#### Pictures with short captions:
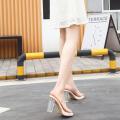 2023Summer New Outdoor Transparent Ankle-Strap High Heel Slippers Women's Platform Crystal Thick Heel Small Size Sandals. 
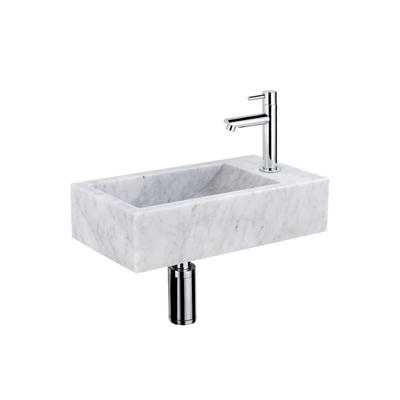 Fortifura Fuente fonteinset - 40x22 - 1 kraangat - rechts - marmer - fonteinkraan chroom - wit SW696234/SW696209/SW696219/SW728223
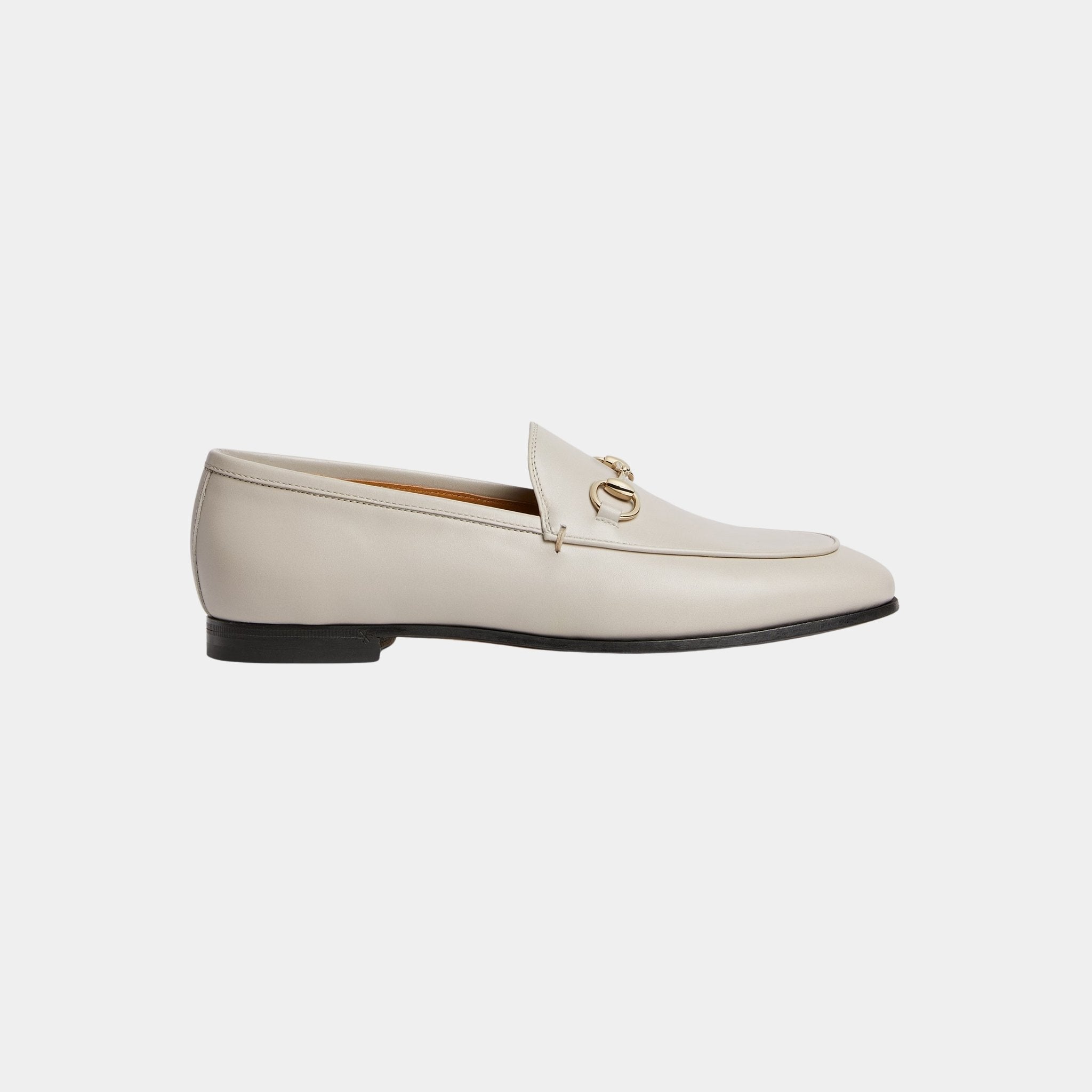 Gucci Jordaan Leather Loafer With Light Gold-Toned Hardware, Light Grey, Side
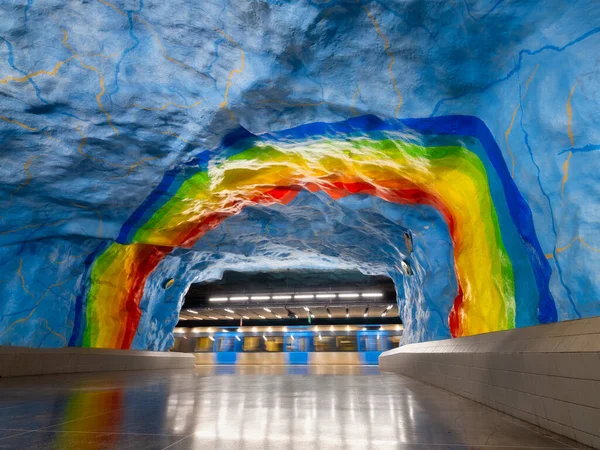 Arenan Eller Arenastationen Stockholm Populär Metrostation Den Svenska Huvudstaden Arkitektoniskt — Stockfoto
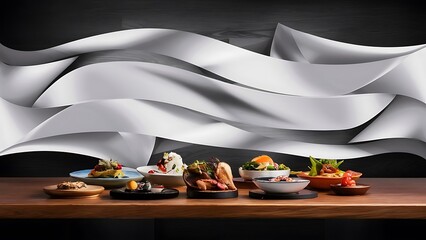 Wood table top on blur abstract white gray banner background - can be used for display or montage your products (foods)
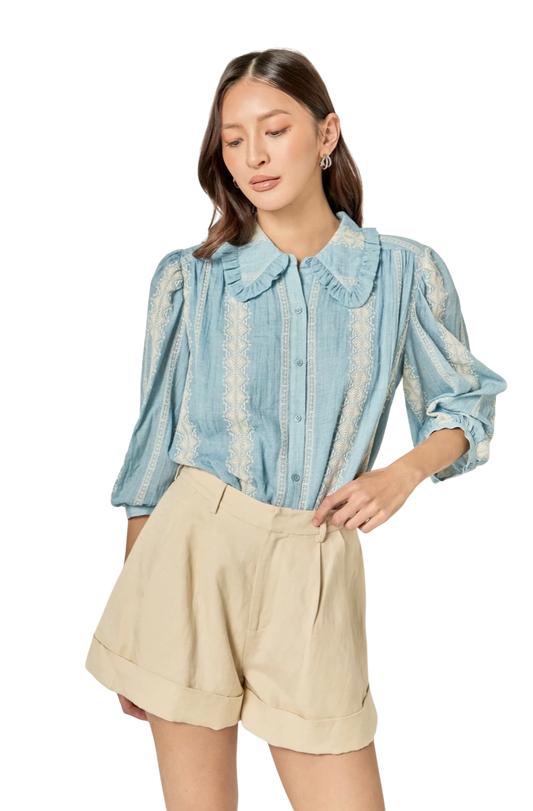 Embroidered Ruffle Collar Blouse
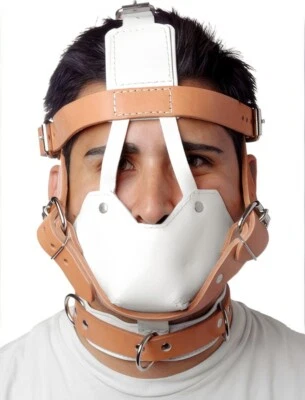 FOND OF MILITARY Genuine Leather Face Muzzle Bondage Head Harness Mask BDSM Fetish Mask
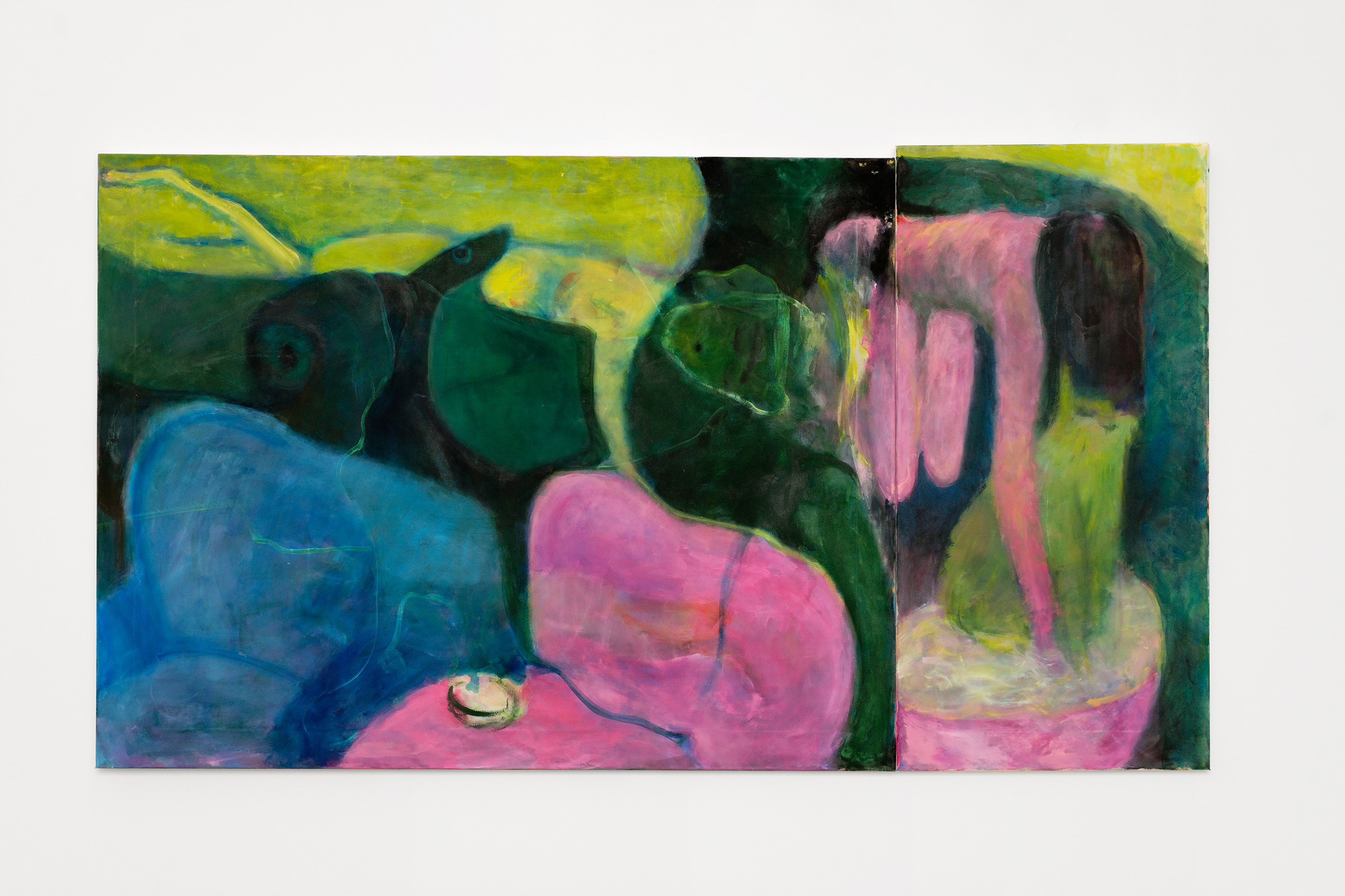 Jessy Razafimandimby, Bath-Ology, 2023, acrylic on bed sheet, 74.5 x 135 cm, unique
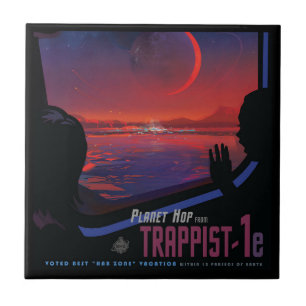 Retro Space Poster - Zuschauer beobachten Trappist Fliese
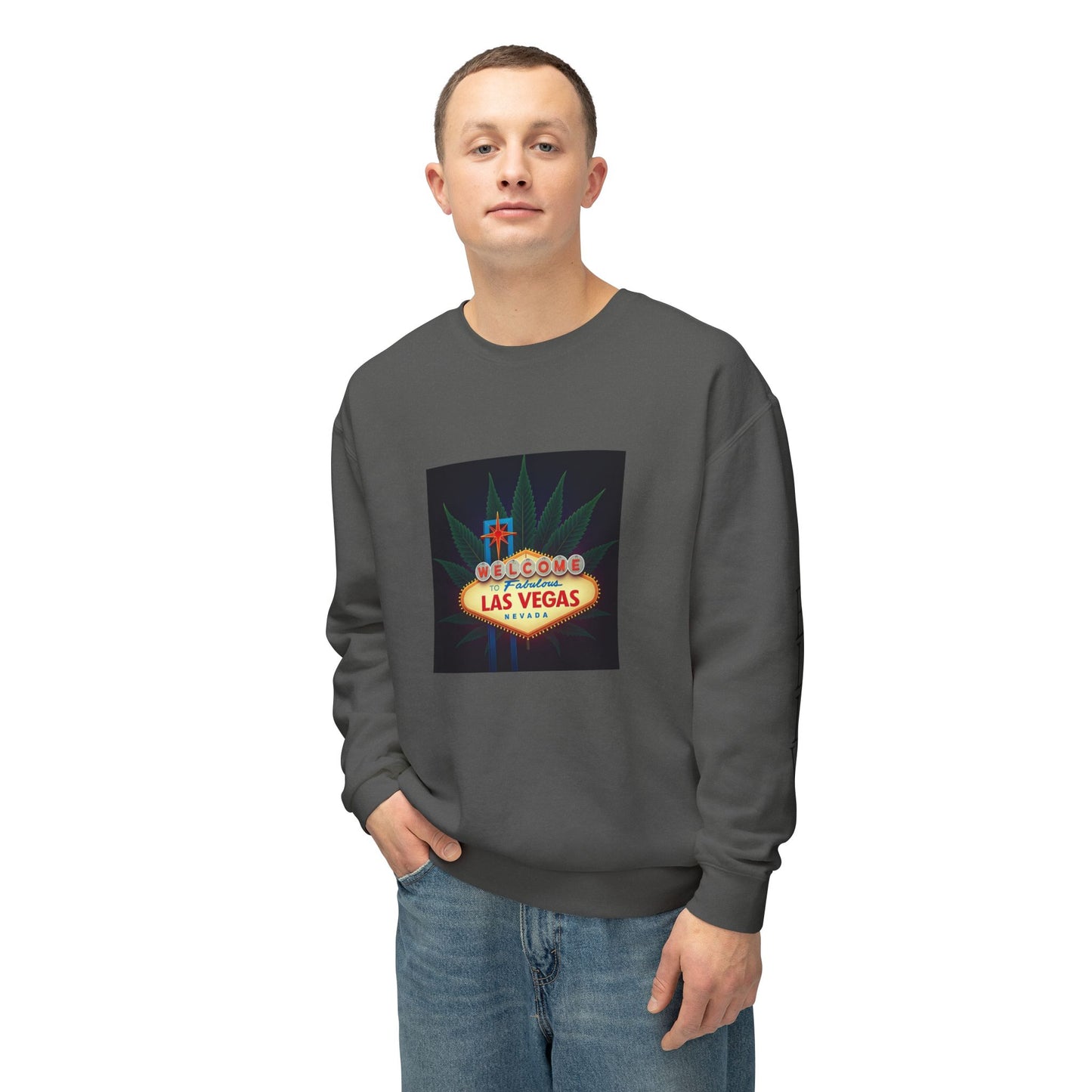 ELLV 420 Welcome to Fabulous Las Vegas Sign ~ Uni Sex Crew Neck Sweat Shirt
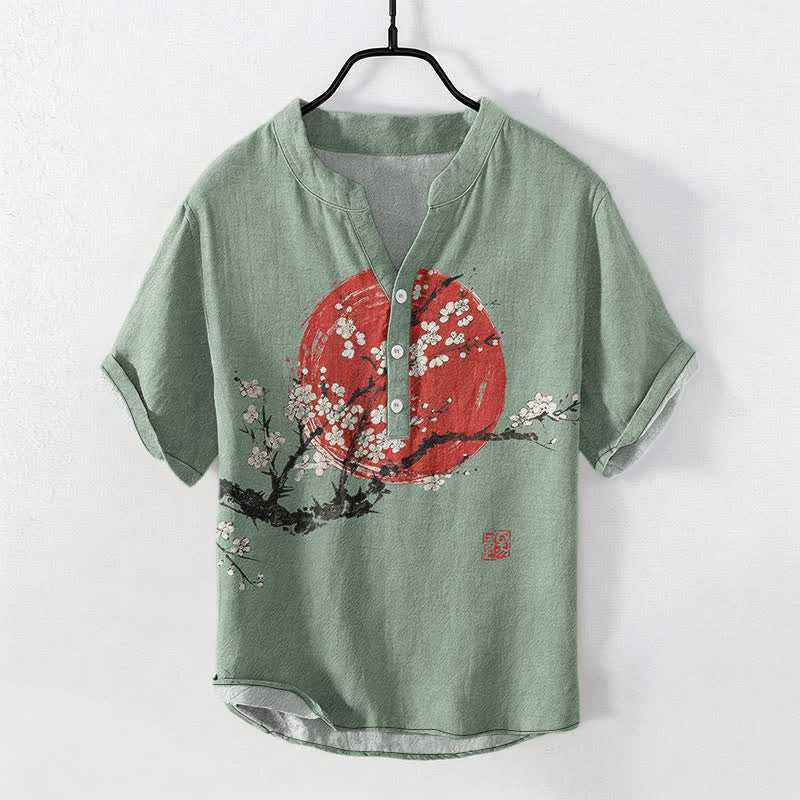 Buddha Stones Koszula męska z krótkim rękawem i półguzikiem w kolorze bawełny i kwiatu śliwki - DarkSeaGreen - US/UK/AU50, EU60 (5XL) - image 7
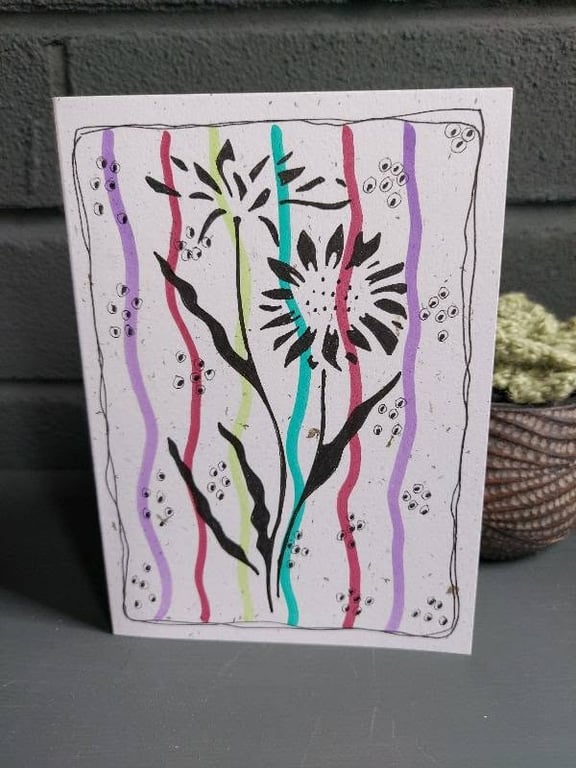 Modern botanical illustration greeting card - candy stripes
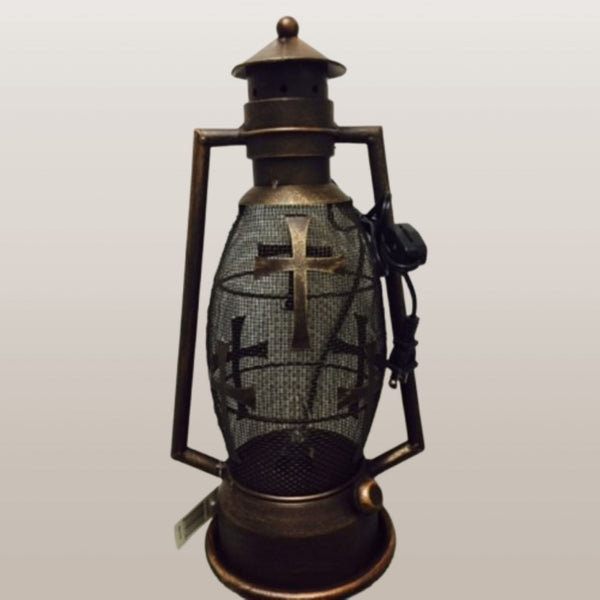 CROSS METAL ART ELECTRIC LANTERN LAMP WESTERN HOME DECOR LIGHTING #EH12726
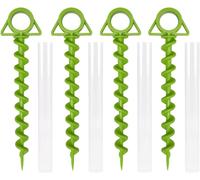 4 X Plastic Tent Pegs,Camping Pegs,Tent Peg With 4 X Plastic Pipe Pegs,Tent Accessories,Apply For Lawn,Beach,Camping (Green)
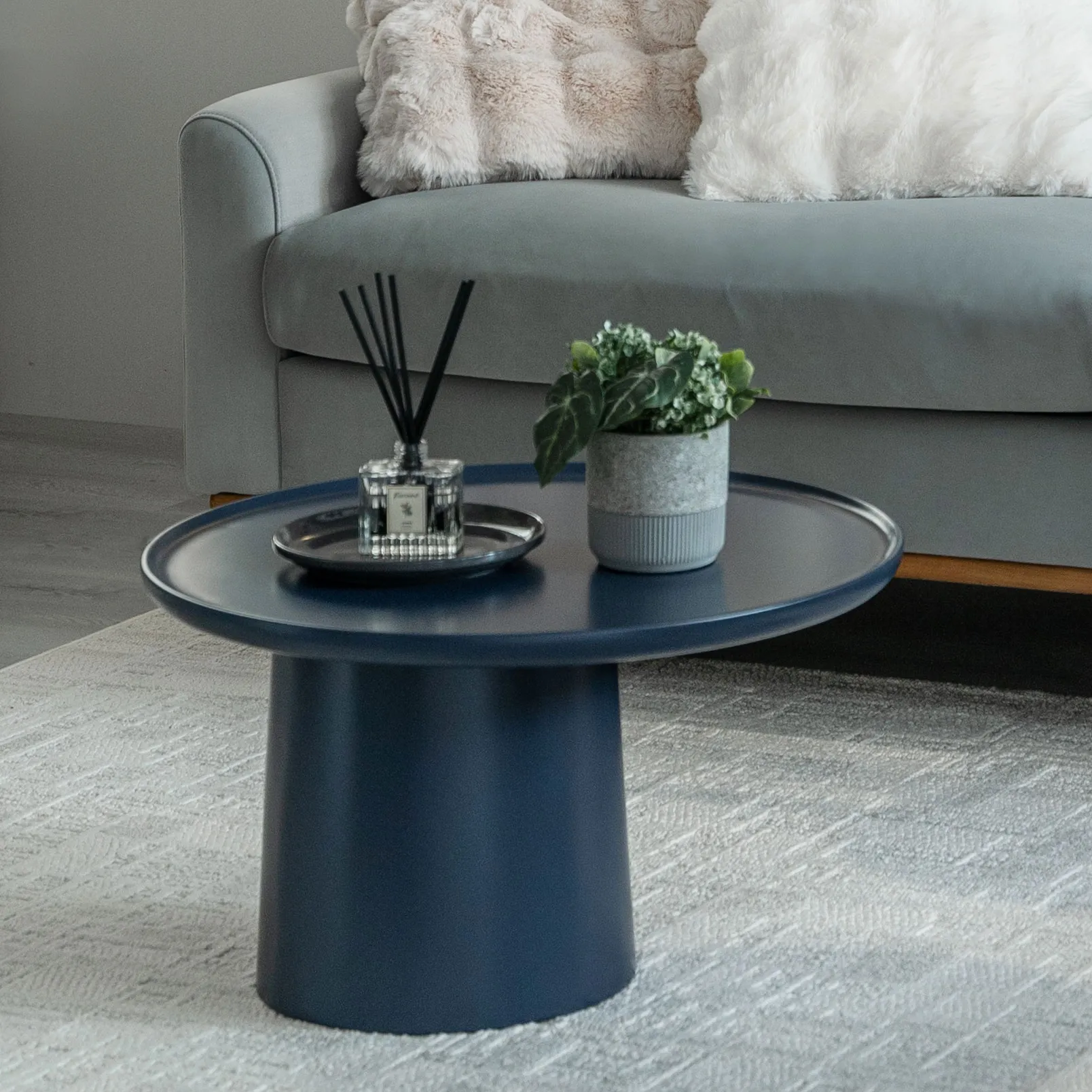 藍色實木皮茶几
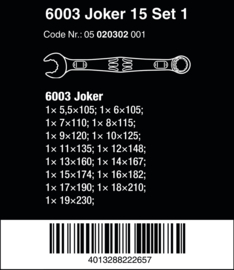 Wera 6003 Joker 15 set 1 ringsteeksleutel-set, 15‑delig 05020302001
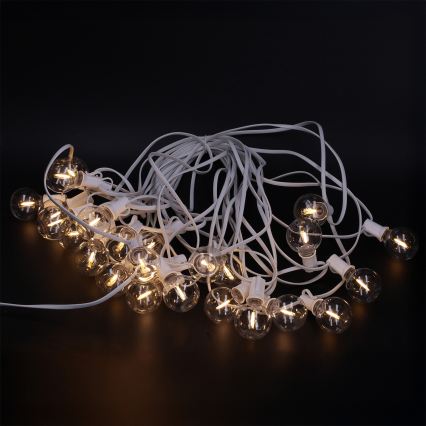 Brilagi - Guirnalda decorativa LED para exterior GIRLANDA 25xE12/0,8W/230V 20m blanca IP44 blanco cálido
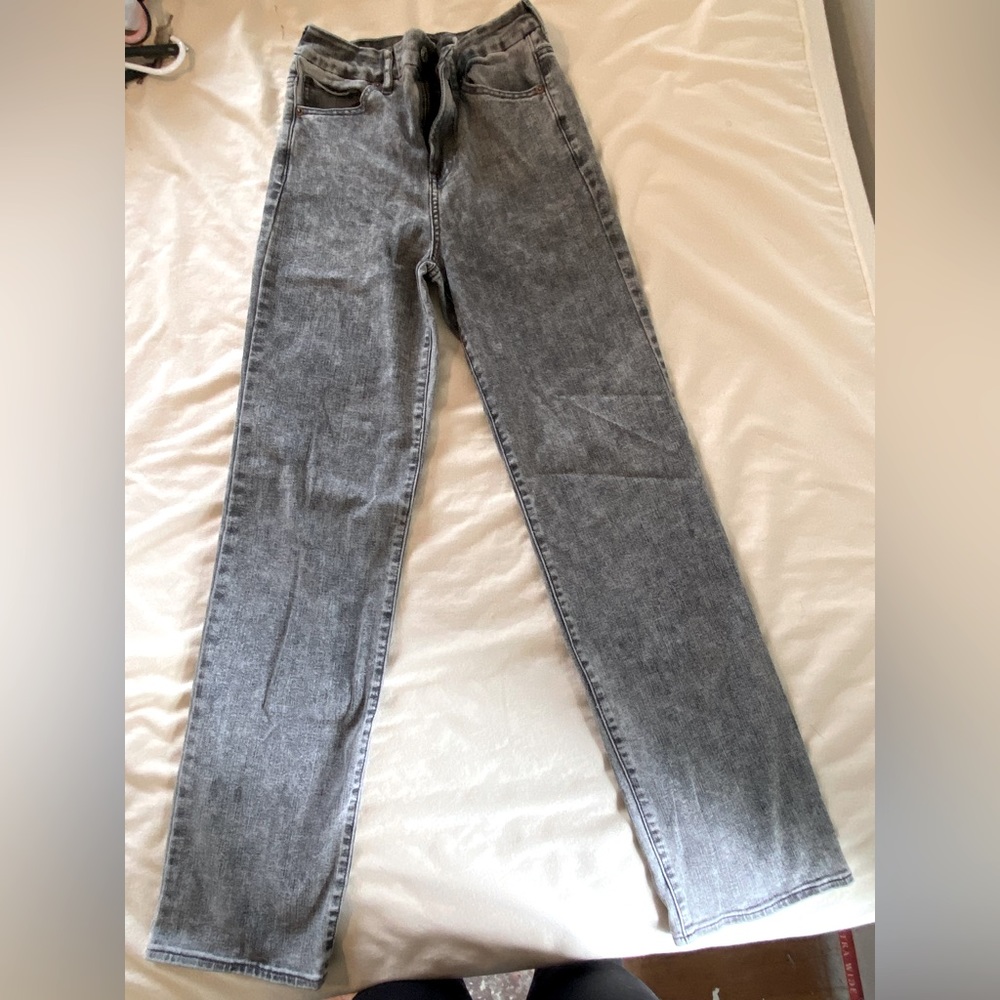 Express grey black boot leg jeans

#### Your task:
Please, leaving out all pictures, transcribe exactly the lines above from the one containing "Buddha Stones Koszula" through the final line, both included.

#### Solution to this task:
 Buddha Stones Koszula męska z krótkim rękawem i półguzikiem w kolorze bawełny i kwiatu śliwki - DarkSeaGreen - US/UK/AU50, EU60 (5XL) - image 7
 Modern botanical illustration greeting card - candy stripes
 CROSS METAL ART ELECTRIC LANTERN LAMP WESTERN HOME DECOR LIGHTING #EH12726
 4 X Plastic Tent Pegs,Camping Pegs,Tent Peg With 4 X Plastic Pipe Pegs,Tent Accessories,Apply For Lawn,Beach,Camping (Green)
 藍色實木皮茶几
 Wera 6003 Joker 15 set 1 ringsteeksleutel-set, 15‑delig 05020302001
 Brilagi - Guirnalda decorativa LED para exterior GIRLANDA 25xE12/0,8W/230V 20m blanca IP44 blanco cálido
 Express grey black boot leg jeans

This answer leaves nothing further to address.